Big challenges for weak banks, high bad debt, special control, thin customer base

Although the removal of the credit ceiling is considered a big boost for the banking industry, not all banks are ready to enter the game according to the market mechanism. Many experts and institutional investors are concerned that a part of banks that are weak in capital, risk management or are under special supervision will not be able to take advantage of opportunities, even expose more risks, thereby being clustered or forced to restructure.

Accordingly, in the optimistic picture, banks with large capitalization, solid financial foundations and high credit quality are considered to be the first to benefit when the credit room is removed. On the contrary, some banks with weak asset quality, high bad debt ratio, under special control or in the process of restructuring will face difficulties in credit growth when the credit room mechanism is removed.

Mr. Nguyen Duc Trung - VDSC analyst: "When there is no longer a credit room allocated by the State Bank, weak banks will no longer have a 'lifebuoy' when they need to expand their outstanding loans. The market will no longer protect them but will force banks to reveal their actual capacity. It is a life-and-death test.", "Banks that are under special supervision or are in the process of restructuring like SCB will continue to have their growth restrained, because they themselves do not meet the governance, capital and transparency standards to be trusted by the State Bank."

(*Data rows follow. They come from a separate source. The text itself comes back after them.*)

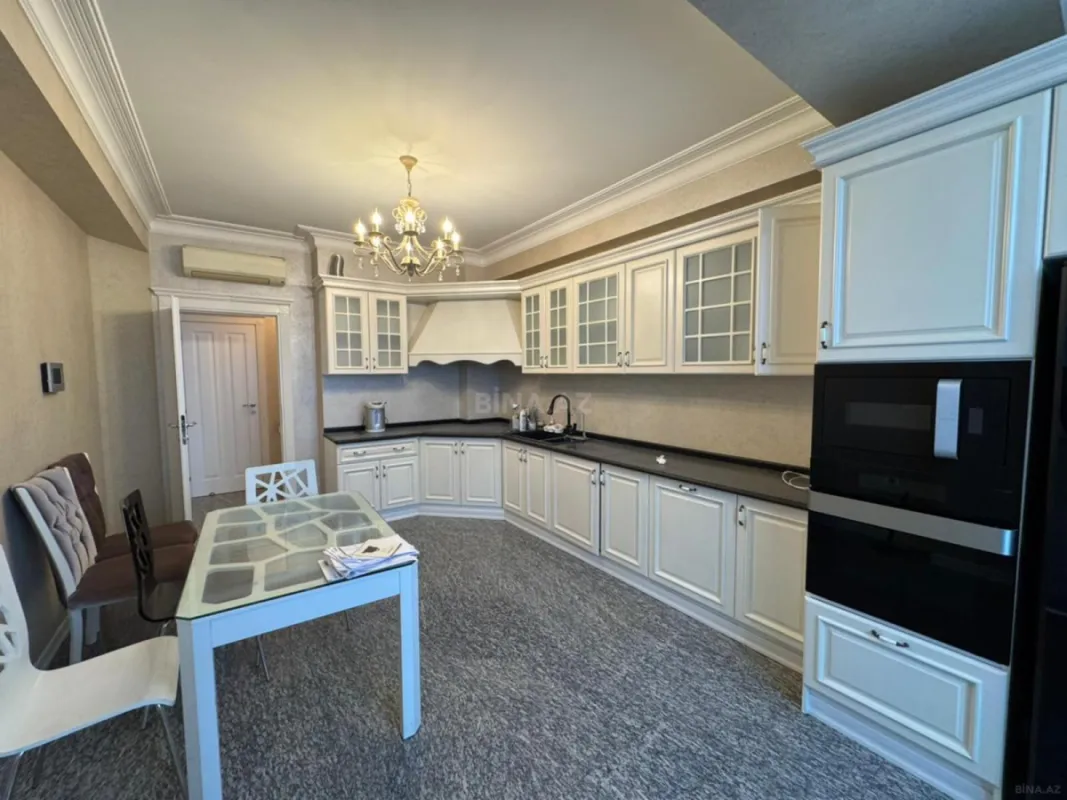 Satılır 3 otaqlı mənzil 171 m²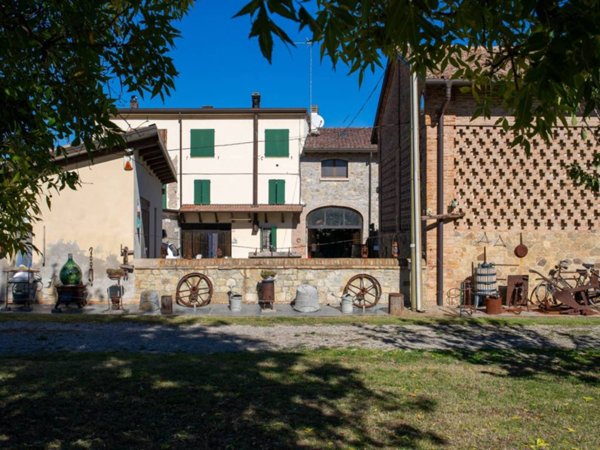 casa indipendente in vendita a Felino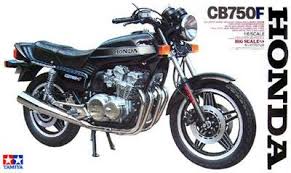 Tamiya -1/6 Honda CB750F
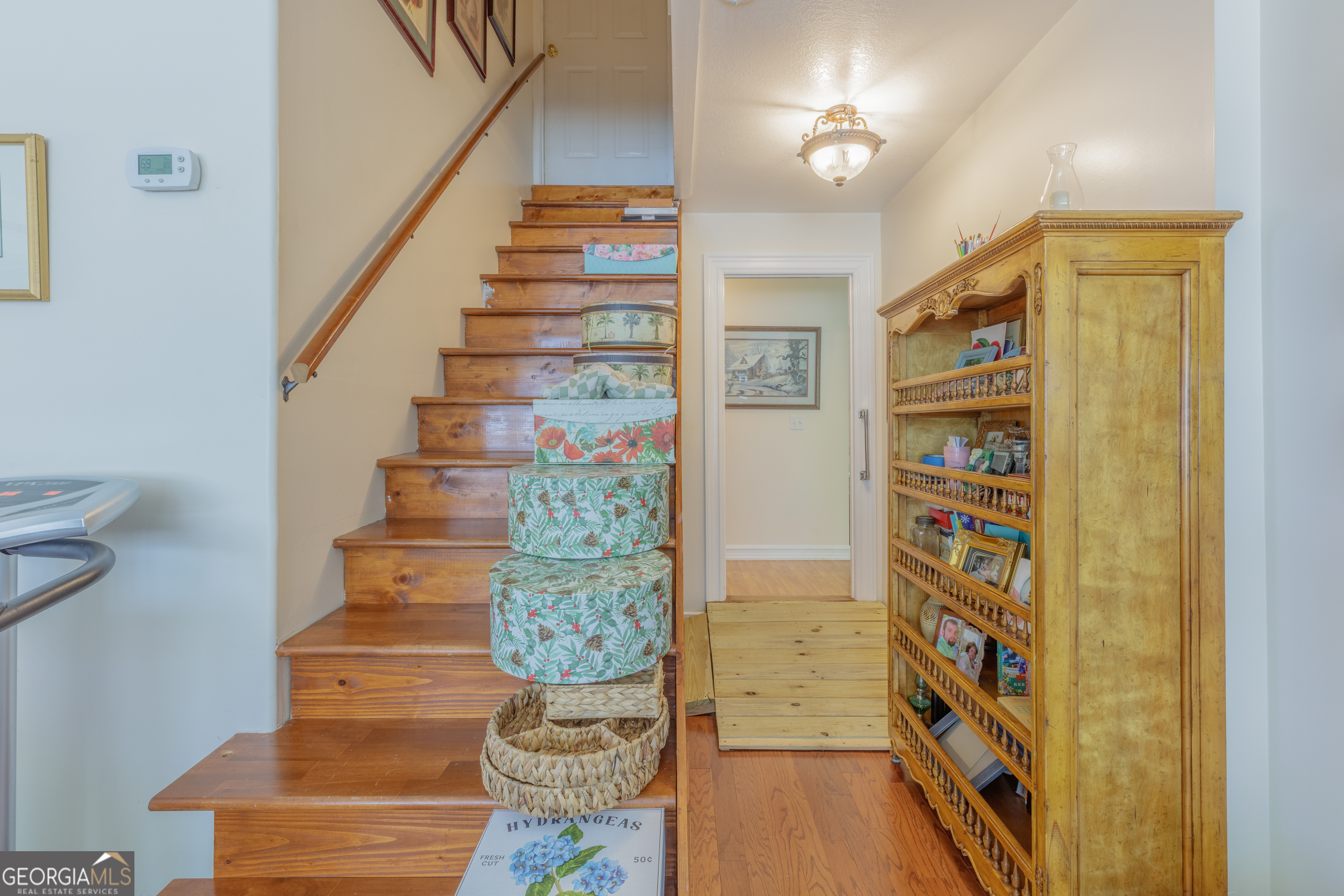 765 Greenbush Road LaFayette, GA 30728 - Photo 26 of 68 a view of an entryway with wooden floor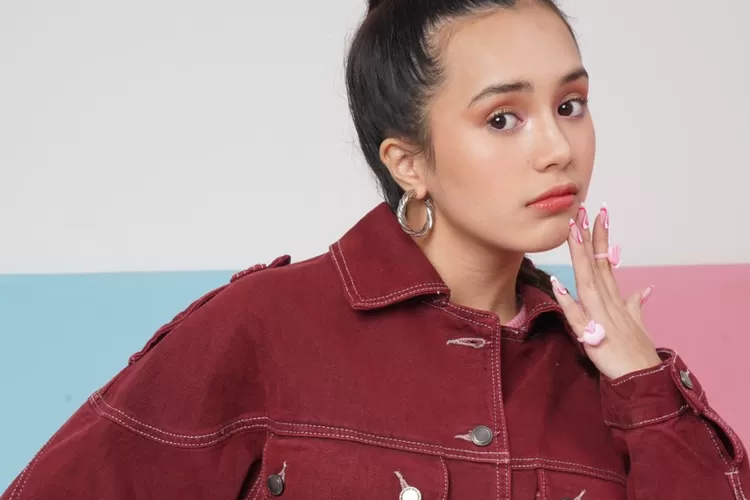 Ilustrasi tren jeans tahun 2022.  (Dok JINISO )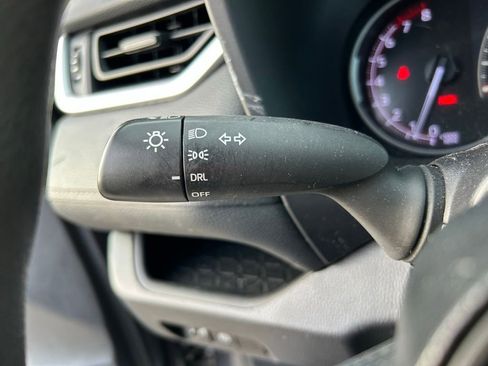 Used 2023 Toyota RAV4 LE FWD image 20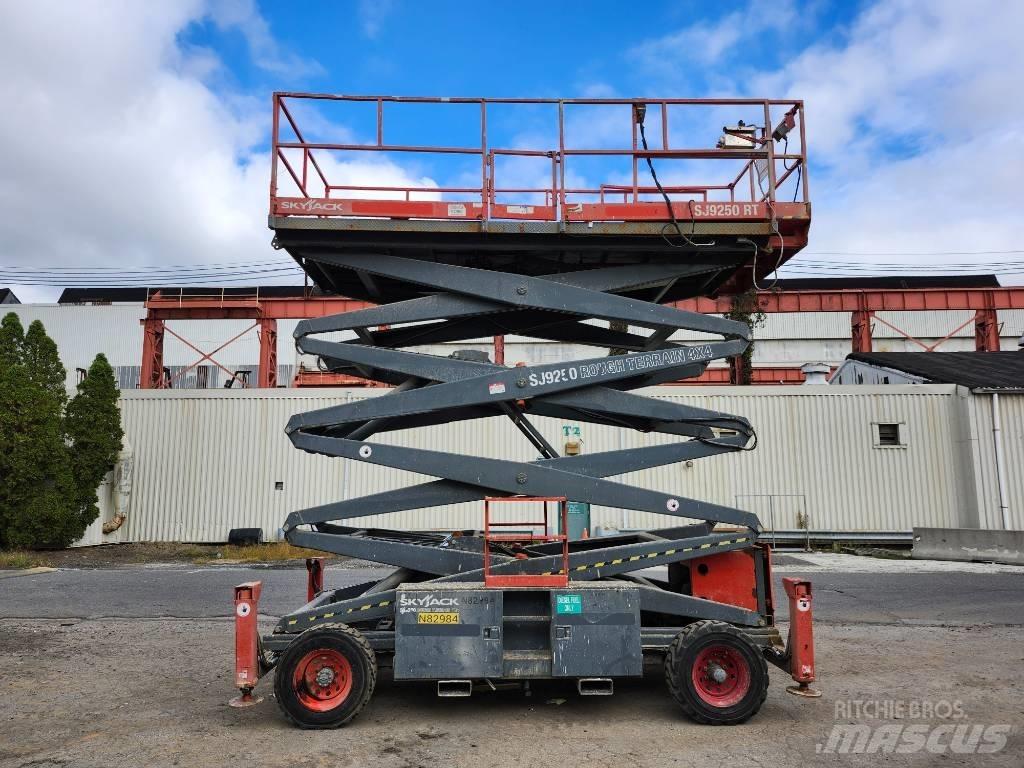 SkyJack SJ 9250 RT Nacelle ciseaux
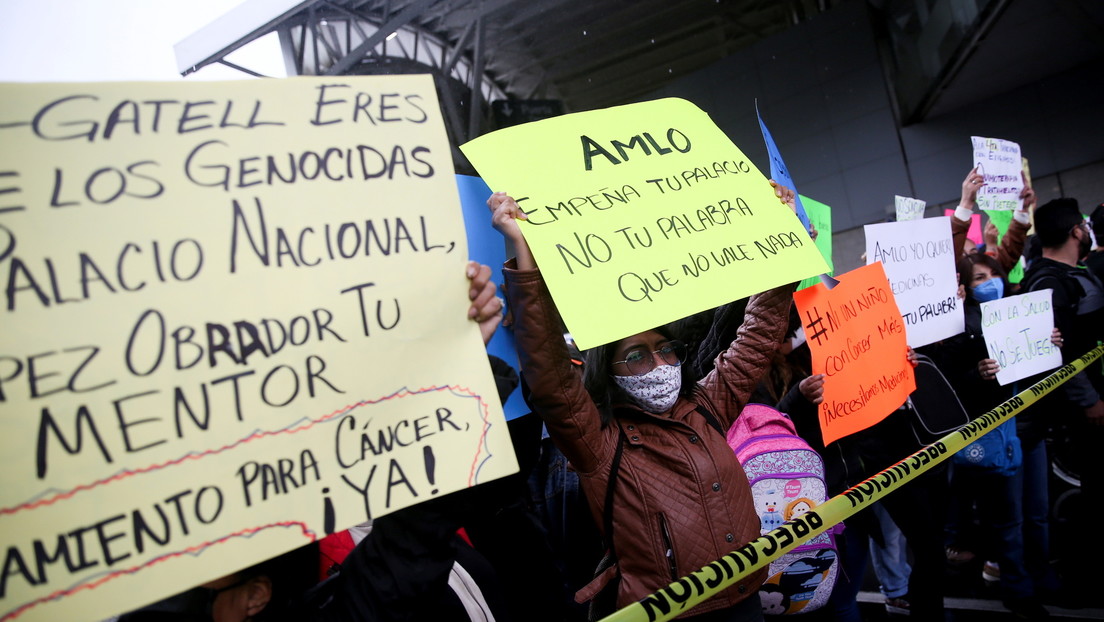 Padres de niños con cáncer protestan en Ciudad de México por la escasez de medicinas y contra los polémicos dichos de López-Gatell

According to the Investment Director of a foreign fund in Ho Chi Minh City: “Banks like PG Bank, VietABank or SaigonBank are still lacking capital, do not have a clear ecosystem and the level of digital transformation is almost out of the race. If they cannot merge with large banks, I am afraid that they will gradually lose market share.”

Accordingly, removing credit room does not help these banks grow freely because they are limited by their own financial capacity and high risks. Banks with low capital adequacy ratios (CAR) such as PGBank, VietABank, Nam A Bank, OCB... have CAR ratios approaching the minimum level. At the same time, these banks are closely inspected and monitored for violating regulations. Notably, some banks found to have violated lending standards, cross-ownership, or showing signs of manipulation will be specially monitored and not "free to float" according to market rules.

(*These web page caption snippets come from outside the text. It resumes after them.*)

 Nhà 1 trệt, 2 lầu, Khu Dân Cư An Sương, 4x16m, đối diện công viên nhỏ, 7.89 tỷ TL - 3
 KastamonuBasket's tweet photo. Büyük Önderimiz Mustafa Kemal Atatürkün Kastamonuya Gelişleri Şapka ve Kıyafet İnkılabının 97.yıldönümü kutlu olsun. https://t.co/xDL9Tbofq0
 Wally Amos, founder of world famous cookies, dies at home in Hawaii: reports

Mr. Pham Xuan Hoe - Former Deputy Director of the Banking Strategy Institute stated: "It is very worrying if there are banks that pursue credit growth at all costs after the room is removed, but lack the capacity to control risks. Among them, many small banks have high real estate lending rates, large potential bad debts and are controlled by a group of manipulative shareholders.", "Banks with unusually high LDR (credit/mobilization) ratios, low CAR, and have not fully implemented Basel II - should not be licensed to grow strongly even though the room has been removed. They will face difficulties not only from regulations but also from the market and investors."

Accordingly, although removing the credit room is necessary, in order for this policy to be effective and not create consequences, it is necessary to focus on strengthening credit quality supervision more closely than ever; Strengthen supervision according to quantitative and public criteria such as bad debt, CAR, LDR ratio, profitability, risk management capacity, etc. to serve as a basis for inspection, supervision and control. Especially the issue of transparency and limiting manipulation and cross-ownership in credit institutions.

Thus, removing the credit room is a major policy turning point, paving the way for credit institutions to operate according to market mechanisms. However, only truly healthy banks with good financial and governance foundations can take advantage of this opportunity to break through. On the contrary, weak banks will face pressure to reform, improve capacity or merge and consolidate if they want to survive./.